The UK climbing world has proven completely happy to see permanent anchors where abseil descent is effectively unavoidable, and for good reason. The OMOH is just one example. Some are simple drilled gear - like the top of Rivelin Needle - and some are collections of assorted abandoned gear. The wedge is as thick as it's ever going to get, to the point at which this particular OMOH wedge is seen to be a right clusterufck of semi-permanent rotting metalwork and nylon. 

I completely take your point about not installing convenience abs where a perfectly safe (albeit less convenient) descent is possible without them, but that's not the OMOH situation. The choice is between installing reassuringly safe (and safe-looking even to terrified climbers!) anchors to do the job of getting people down safely without them feeling the need to add to the clusterufck, and accepting that the clusterufcks are there to stay and to be added to ad infinitum.

I strongly suspect that options that achieve the former are going to be pretty thin on the ground, considering how ready climbers seem to be to leave tat at the slightest concern. Even strops are far from ideal in this regard, seeing as this thread already has posts doubting their reliability and seeing how easy it would be to put tat around whatever the strop was already attached to (thereby starting a tat-reaction of doubt.)

It's hard to see how a single heavy-duty stainless/titanium ring that's reassuringly bombproof and metallurgically appropriate, sufficiently far from from any cracks that might tempt people to leave bits of their rack behind, would be anything other than an improvement on the current situation in every respect.

2
 Robert Durran 25 Apr 2024
In reply to john arran:

Without going over all the arguments again, in the end it depends whether bolts are seen as the traditionally respected red line not to be crossed and worth the clusterf*cks, rotting gear and so on, or not. 

Post edited at 15:30
1
In reply to Robert Durran:

At one time (decades ago) there used to be an unspoken tradition on alpine routes of cutting away old tat, leaving several slings that looked more or less OK, and then adding a new sling of one's own.

3
 Tyler 25 Apr 2024
In reply to Robert Durran:

These abseils have been in place for 50 years and have not lead to a proliferation of pegs and in-situ threads everywhere. Maybe people will just treat things on a case by case basis and yes that might mean more bolted abseils.

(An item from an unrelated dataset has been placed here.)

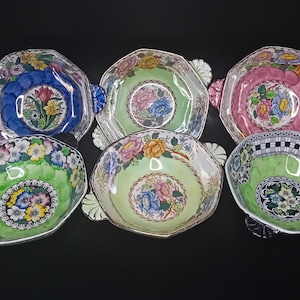 Può includere: Sei ciotole esagonali decorative con disegni floreali. Le ciotole presentano una varietà di colori, tra cui blu, verde e rosa, con finiture dorate e piccole maniglie. Ogni ciotola ha un motivo floreale unico al centro.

Not because they are part of some wedge but because, in some cases, they make logical sense.

1
 Robert Durran 25 Apr 2024
In reply to Tyler:

I think the key point here is that, unlike other old pegs, even bolts or whatever, the bolting proposed would not be the act some renegade but rather approved by MS and actually against their own guidelines. This is why it might reasonably be seen as an important precedent. Is it worth the risk?

6
 Michael Gordon 26 Apr 2024
In reply to Tyler:

When 'thin end of the wedge' arguments are brought up, folk often point out that bolts haven't suddenly appeared everywhere and anywhere. But it's more likely to be a slow insidious process. Each venue which gets the odd bolt added here and there is making it easier for more elsewhere. And if somewhere as adventurous as the Old Man of Hoy is acceptable, where isn't?

5
 deepsoup 26 Apr 2024
In reply to Michael Gordon:

> And if somewhere as adventurous as the Old Man of Hoy is acceptable, where isn't?

Well I don't know, but perhaps somewhere adventurous where it's possible to get down again safely without leaving anything behind - either a shiny titanium bolt or a collection of gently mouldering bits of trad gear and a heap of rotting plastic tat.

1
 Maggot 26 Apr 2024
In reply to Michael Gordon:

I'm of the opinion of, if you haven't got the balls to ab off a dodgy flake, don't do it, go to a bolt invested limestone crag somewhere. 

I do have a possible solution to this 'tat' dilemma though ... remove all the existing crap, then any future ascentionists carry a few new hemp slings, chucking any insitu in the briney.